_MATERIAL FOR THIS TASK_
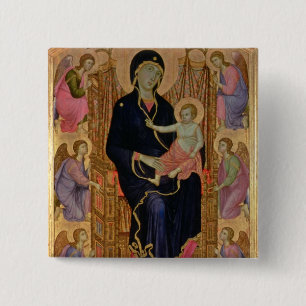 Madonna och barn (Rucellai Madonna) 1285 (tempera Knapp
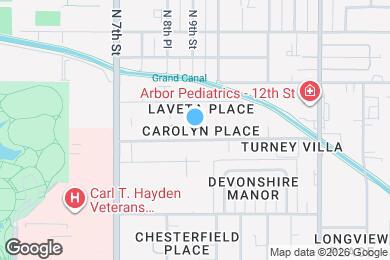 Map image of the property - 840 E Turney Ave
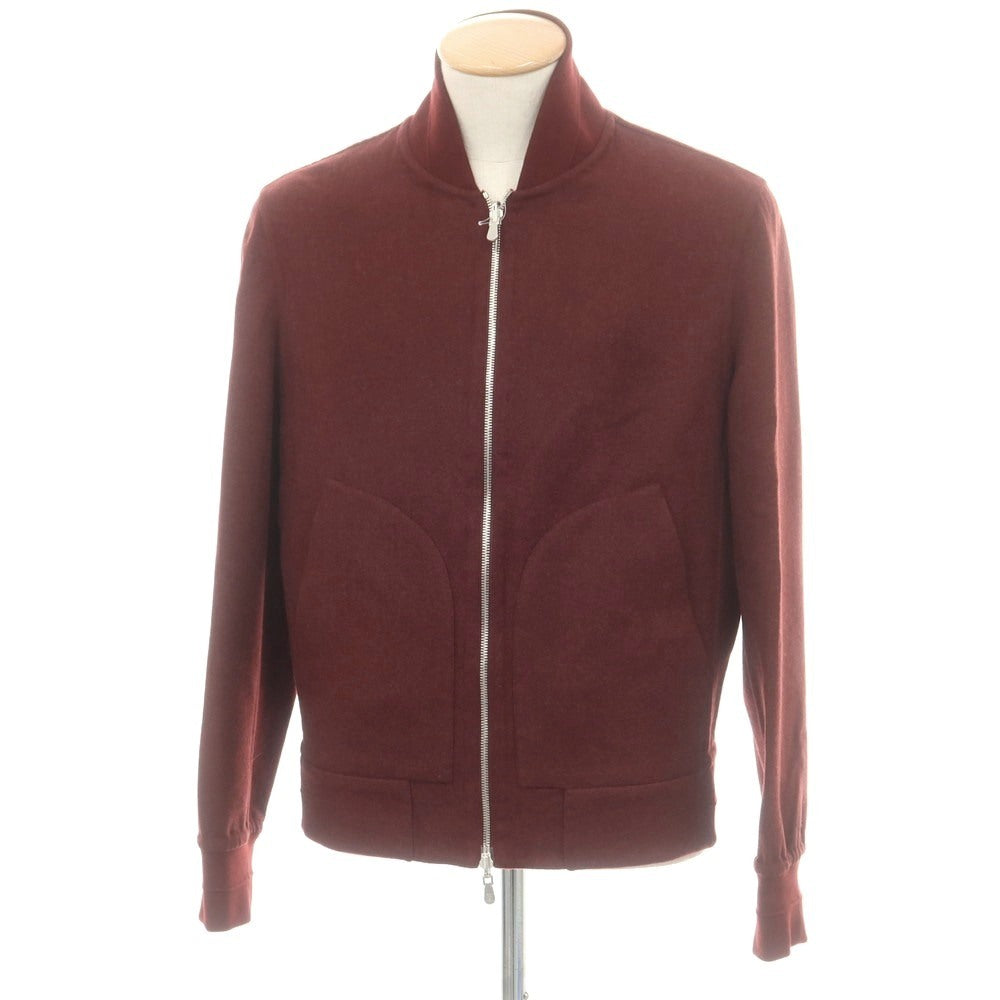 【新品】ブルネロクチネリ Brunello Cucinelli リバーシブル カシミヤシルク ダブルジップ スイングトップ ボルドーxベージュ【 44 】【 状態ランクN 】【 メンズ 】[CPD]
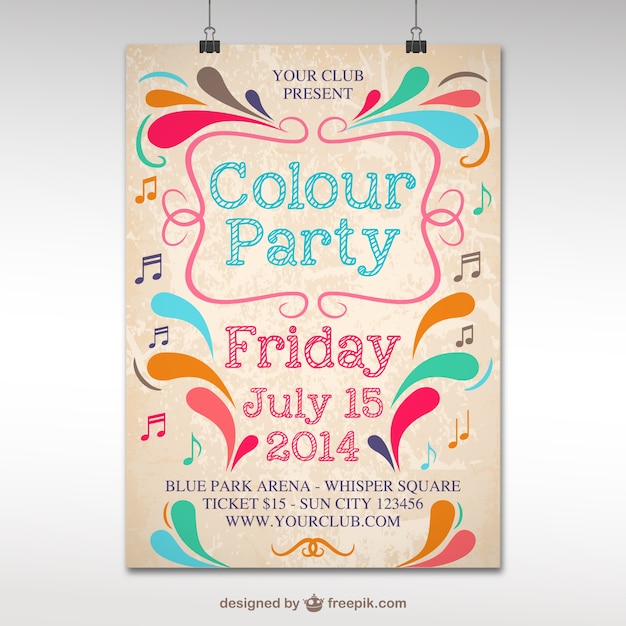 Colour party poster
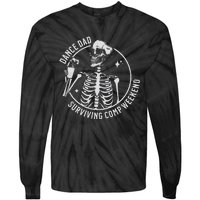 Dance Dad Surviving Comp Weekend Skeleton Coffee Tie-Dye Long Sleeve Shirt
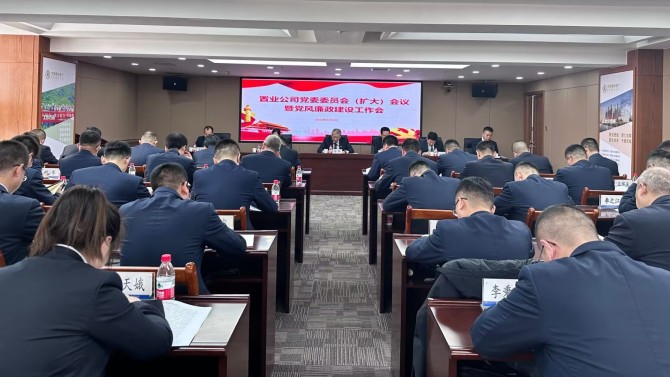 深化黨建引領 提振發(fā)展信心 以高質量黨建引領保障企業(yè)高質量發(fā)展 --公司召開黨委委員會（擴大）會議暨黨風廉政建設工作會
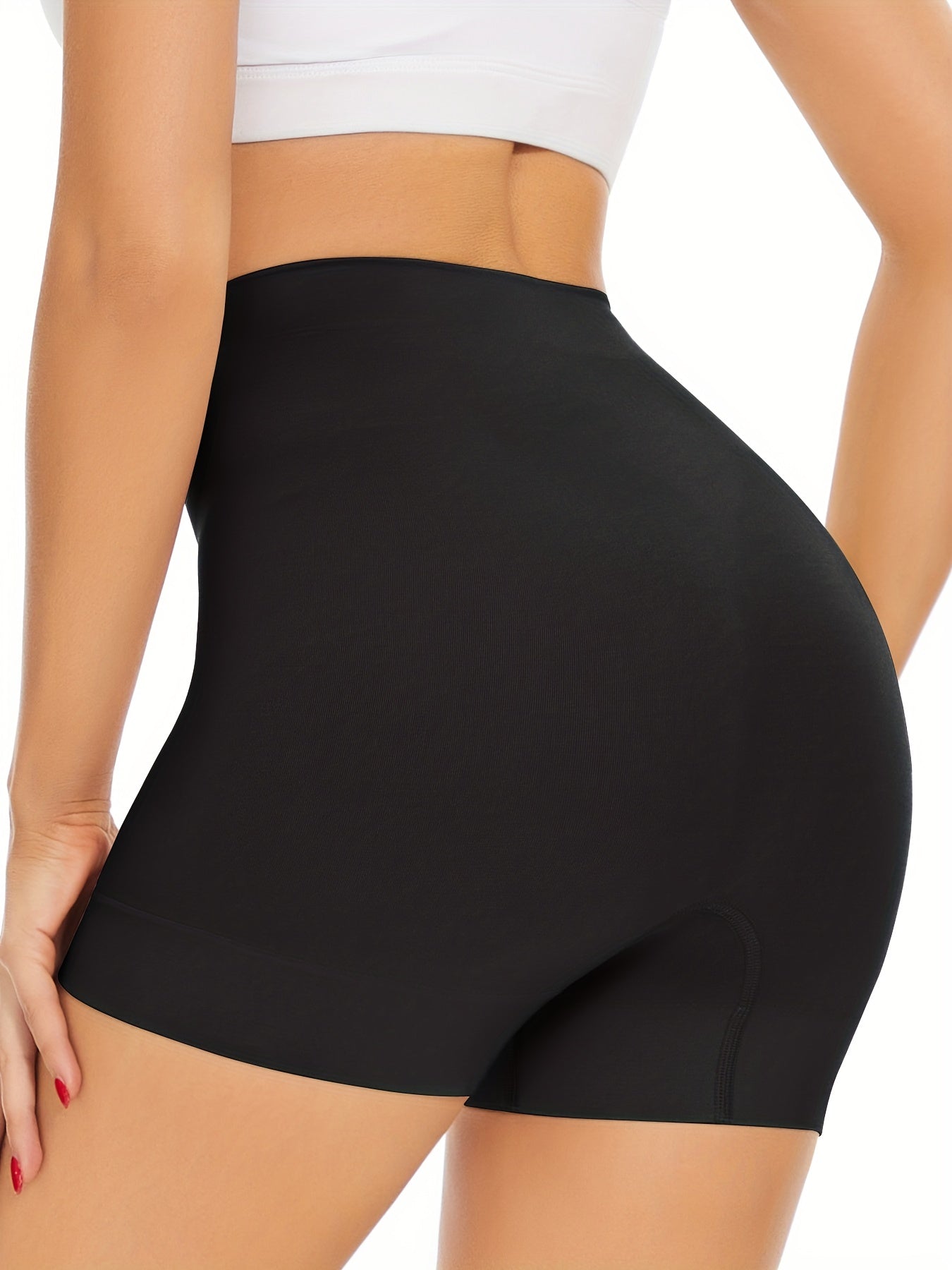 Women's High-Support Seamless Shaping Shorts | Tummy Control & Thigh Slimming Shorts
==
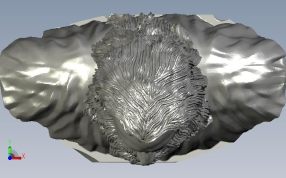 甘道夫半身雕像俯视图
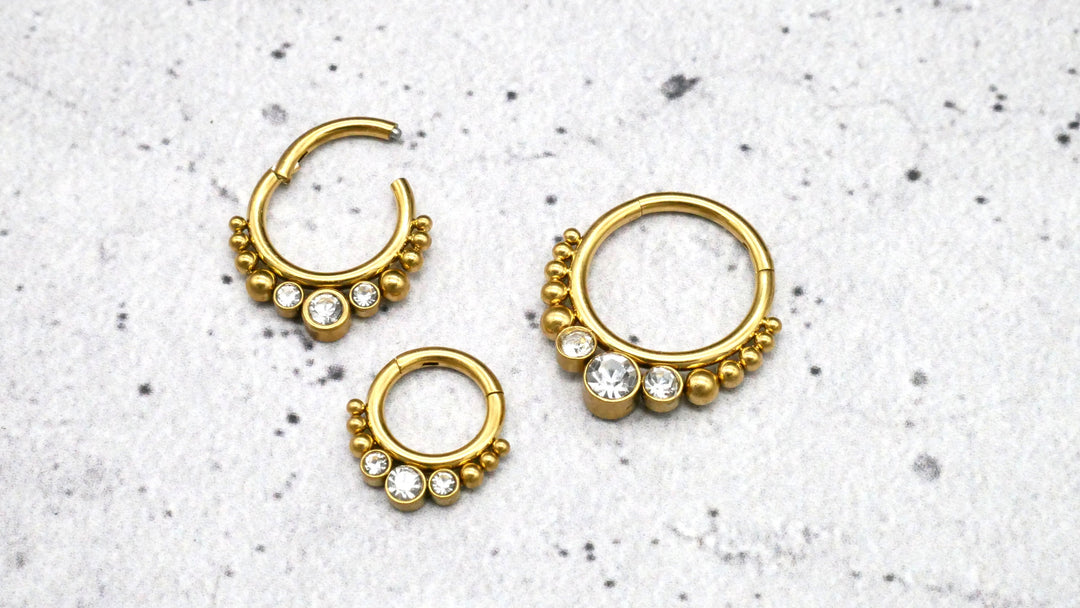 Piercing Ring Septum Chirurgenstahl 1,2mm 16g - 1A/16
==
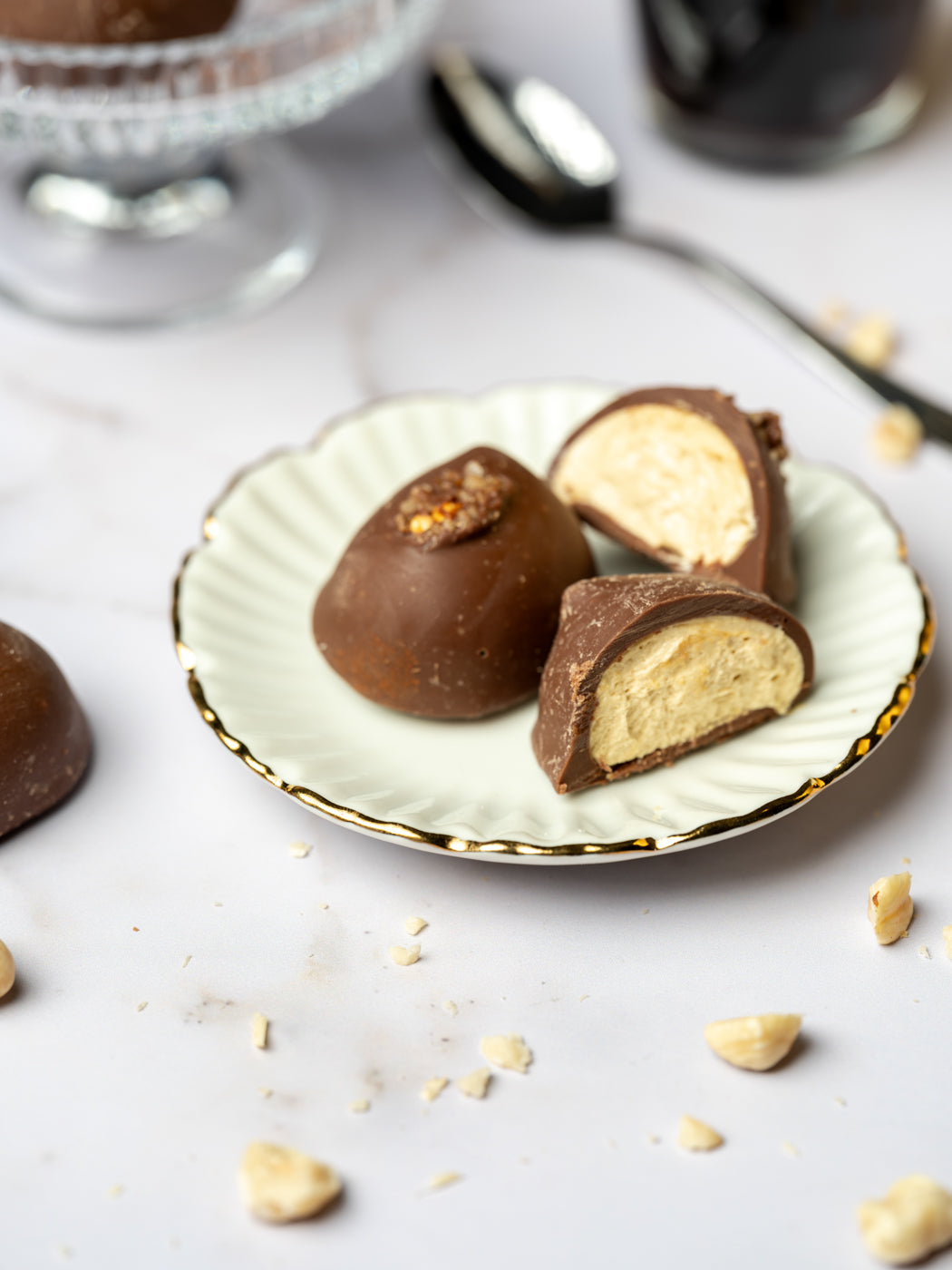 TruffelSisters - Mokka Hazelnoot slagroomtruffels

_YOUR OBJECTIVE_
Only one part of the listing is wanted: the lines from the one containing "Madonna och barn" through the one containing "深化黨建引領 提振發(fā)展信心 以高質量黨建引領保障企業(yè)高質量發(fā)展", both included. Please transcribe it exactly, leaving out the pictures.

_TASK RESPONSE_
 Madonna och barn (Rucellai Madonna) 1285 (tempera Knapp
 Map image of the property - 840 E Turney Ave
 【新品】ブルネロクチネリ Brunello Cucinelli リバーシブル カシミヤシルク ダブルジップ スイングトップ ボルドーxベージュ【 44 】【 状態ランクN 】【 メンズ 】[CPD]
 Colour party poster
 Dance Dad Surviving Comp Weekend Skeleton Coffee Tie-Dye Long Sleeve Shirt
 深化黨建引領 提振發(fā)展信心 以高質量黨建引領保障企業(yè)高質量發(fā)展 --公司召開黨委委員會（擴大）會議暨黨風廉政建設工作會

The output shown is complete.